[Cialug] [omaha] Google Datacenters

Daniel A. Ramaley daniel.ramaley at drake.edu
Fri Apr 10 11:08:23 CDT 2009


Possible? Of course. Practical? I don't know.

You need very thick wires (thick inch-thick bars of metal) to carry 
enough current at 12V if the distance spaned is very far. If the wires 
are too thin, they will have too high a resistance and drop too much of 
the potential. If the wires are really too thin, they will get hot and 
melt. Making thick enough wires out of copper might be prohibitively 
expensive. Cheaper metals that don't conduct as well would require even 
thicker wires. Of course, if you have a room temperature superconductor 
(presumably made of unobtainium), then it might be more feasible.
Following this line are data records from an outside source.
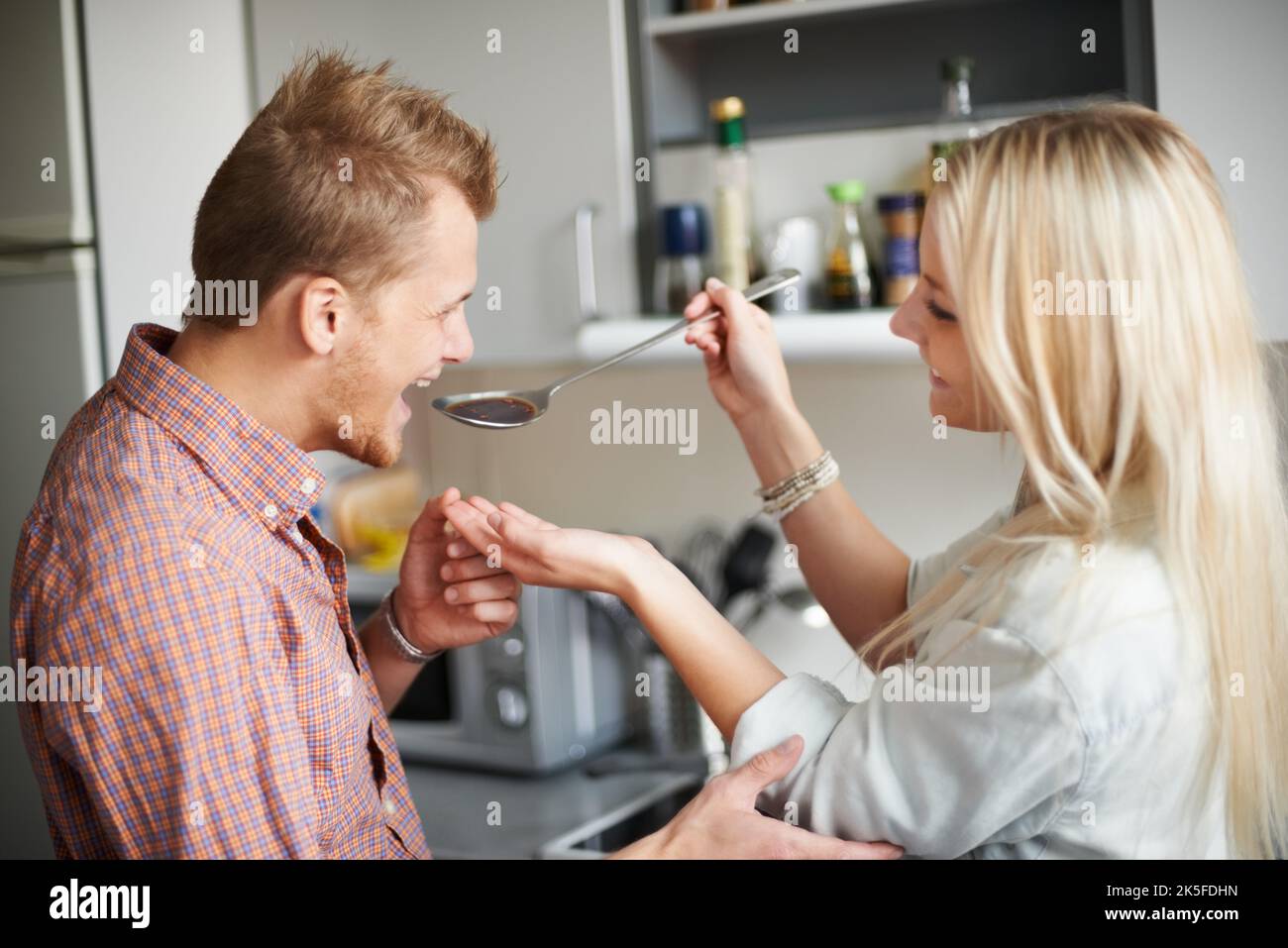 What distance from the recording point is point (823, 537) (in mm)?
1298

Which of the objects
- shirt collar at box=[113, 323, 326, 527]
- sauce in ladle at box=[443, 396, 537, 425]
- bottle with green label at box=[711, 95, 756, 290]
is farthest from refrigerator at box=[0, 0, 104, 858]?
bottle with green label at box=[711, 95, 756, 290]

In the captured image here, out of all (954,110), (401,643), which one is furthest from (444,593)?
(954,110)

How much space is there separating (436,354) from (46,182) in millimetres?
796

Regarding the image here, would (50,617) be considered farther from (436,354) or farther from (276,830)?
(436,354)

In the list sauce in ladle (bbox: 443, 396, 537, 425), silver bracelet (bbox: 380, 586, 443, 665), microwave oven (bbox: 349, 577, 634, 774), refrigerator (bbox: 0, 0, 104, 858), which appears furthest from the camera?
microwave oven (bbox: 349, 577, 634, 774)

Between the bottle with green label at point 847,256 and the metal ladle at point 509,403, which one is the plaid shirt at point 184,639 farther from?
the bottle with green label at point 847,256

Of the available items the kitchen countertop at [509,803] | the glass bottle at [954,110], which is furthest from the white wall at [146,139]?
the glass bottle at [954,110]

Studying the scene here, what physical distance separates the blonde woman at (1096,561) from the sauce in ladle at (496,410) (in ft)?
1.59

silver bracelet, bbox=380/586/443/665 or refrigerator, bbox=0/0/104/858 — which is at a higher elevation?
refrigerator, bbox=0/0/104/858

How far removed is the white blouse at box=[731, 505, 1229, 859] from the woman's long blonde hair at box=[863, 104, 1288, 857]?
24mm

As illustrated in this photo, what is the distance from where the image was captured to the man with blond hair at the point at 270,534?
89 centimetres

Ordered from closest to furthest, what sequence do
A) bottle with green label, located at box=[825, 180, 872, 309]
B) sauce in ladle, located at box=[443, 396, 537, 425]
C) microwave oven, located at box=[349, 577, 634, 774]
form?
sauce in ladle, located at box=[443, 396, 537, 425]
bottle with green label, located at box=[825, 180, 872, 309]
microwave oven, located at box=[349, 577, 634, 774]

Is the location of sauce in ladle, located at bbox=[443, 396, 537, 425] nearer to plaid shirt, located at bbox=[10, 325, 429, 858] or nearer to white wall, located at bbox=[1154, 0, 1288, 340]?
plaid shirt, located at bbox=[10, 325, 429, 858]

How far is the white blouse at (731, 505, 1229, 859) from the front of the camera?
867 millimetres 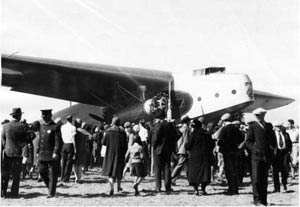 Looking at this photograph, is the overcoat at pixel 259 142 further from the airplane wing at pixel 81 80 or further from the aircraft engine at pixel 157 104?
the airplane wing at pixel 81 80

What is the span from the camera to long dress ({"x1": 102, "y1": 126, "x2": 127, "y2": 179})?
27.7 ft

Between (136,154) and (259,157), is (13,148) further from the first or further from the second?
(259,157)

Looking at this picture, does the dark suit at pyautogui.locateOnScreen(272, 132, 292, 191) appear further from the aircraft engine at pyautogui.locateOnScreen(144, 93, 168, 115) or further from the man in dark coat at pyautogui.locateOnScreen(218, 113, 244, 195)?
the aircraft engine at pyautogui.locateOnScreen(144, 93, 168, 115)

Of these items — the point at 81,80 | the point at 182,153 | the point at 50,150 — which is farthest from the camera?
the point at 81,80

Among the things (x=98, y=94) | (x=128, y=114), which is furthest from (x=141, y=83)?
(x=98, y=94)

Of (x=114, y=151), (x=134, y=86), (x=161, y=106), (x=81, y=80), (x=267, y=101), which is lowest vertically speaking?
(x=114, y=151)

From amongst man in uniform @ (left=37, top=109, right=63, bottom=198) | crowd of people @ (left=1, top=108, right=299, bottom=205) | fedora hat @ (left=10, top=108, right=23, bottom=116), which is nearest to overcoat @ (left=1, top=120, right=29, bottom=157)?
crowd of people @ (left=1, top=108, right=299, bottom=205)

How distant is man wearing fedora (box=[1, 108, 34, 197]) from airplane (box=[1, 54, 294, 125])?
23.0 ft

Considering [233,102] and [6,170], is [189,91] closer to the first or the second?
[233,102]

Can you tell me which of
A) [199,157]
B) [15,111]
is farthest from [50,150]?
[199,157]

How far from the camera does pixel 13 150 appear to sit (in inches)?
309

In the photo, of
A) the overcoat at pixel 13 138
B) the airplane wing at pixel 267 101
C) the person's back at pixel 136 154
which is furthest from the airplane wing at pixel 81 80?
the airplane wing at pixel 267 101

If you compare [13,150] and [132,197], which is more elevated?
[13,150]

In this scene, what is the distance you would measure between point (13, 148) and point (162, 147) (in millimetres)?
3176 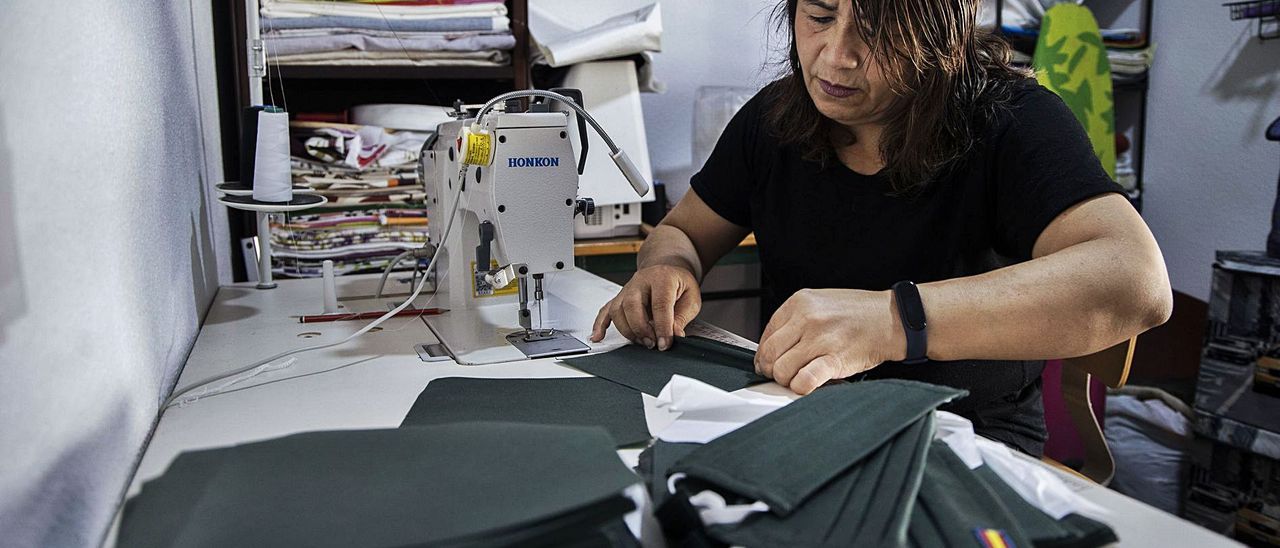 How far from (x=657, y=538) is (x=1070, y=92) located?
2488 mm

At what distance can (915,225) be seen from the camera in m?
1.37

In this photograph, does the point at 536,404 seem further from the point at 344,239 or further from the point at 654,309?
the point at 344,239

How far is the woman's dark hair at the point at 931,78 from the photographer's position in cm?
125

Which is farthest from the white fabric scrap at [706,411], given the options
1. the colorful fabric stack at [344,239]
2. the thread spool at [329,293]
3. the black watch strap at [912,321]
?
the colorful fabric stack at [344,239]

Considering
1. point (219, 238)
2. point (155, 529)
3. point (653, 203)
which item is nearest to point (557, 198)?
point (155, 529)

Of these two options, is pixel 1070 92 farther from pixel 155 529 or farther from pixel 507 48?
pixel 155 529

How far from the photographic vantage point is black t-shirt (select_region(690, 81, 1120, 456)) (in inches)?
48.1

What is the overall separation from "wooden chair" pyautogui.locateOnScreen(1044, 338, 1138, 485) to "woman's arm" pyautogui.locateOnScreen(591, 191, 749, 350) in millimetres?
596

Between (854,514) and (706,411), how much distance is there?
10.8 inches

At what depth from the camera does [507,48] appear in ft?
7.41

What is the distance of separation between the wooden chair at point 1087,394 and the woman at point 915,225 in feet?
0.29

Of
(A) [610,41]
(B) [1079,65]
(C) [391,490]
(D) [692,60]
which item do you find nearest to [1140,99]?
(B) [1079,65]

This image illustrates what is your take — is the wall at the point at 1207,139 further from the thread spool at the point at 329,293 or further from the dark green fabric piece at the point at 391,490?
the dark green fabric piece at the point at 391,490

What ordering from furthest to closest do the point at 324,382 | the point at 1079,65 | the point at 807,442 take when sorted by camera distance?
1. the point at 1079,65
2. the point at 324,382
3. the point at 807,442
But i 
don't know much about superconductors; they might have limits on how 
much current they can carry too.

People with more electrical knowledge please correct me if necessary.

On 2009-04-10 at 10:49:09, jrnosee at gmail.com wrote:
>I've often wondered if it would be possible to convert AC to 12VDC for
> the entire datacenter then run 12V lines to each server and only have
> a DC->DC 12V/5V/3.3V Point of Load power supply do the conversion. 
> Thus eliminating power loss in the multiple AC-DC conversions and
> running all the extra power supply fans, etc.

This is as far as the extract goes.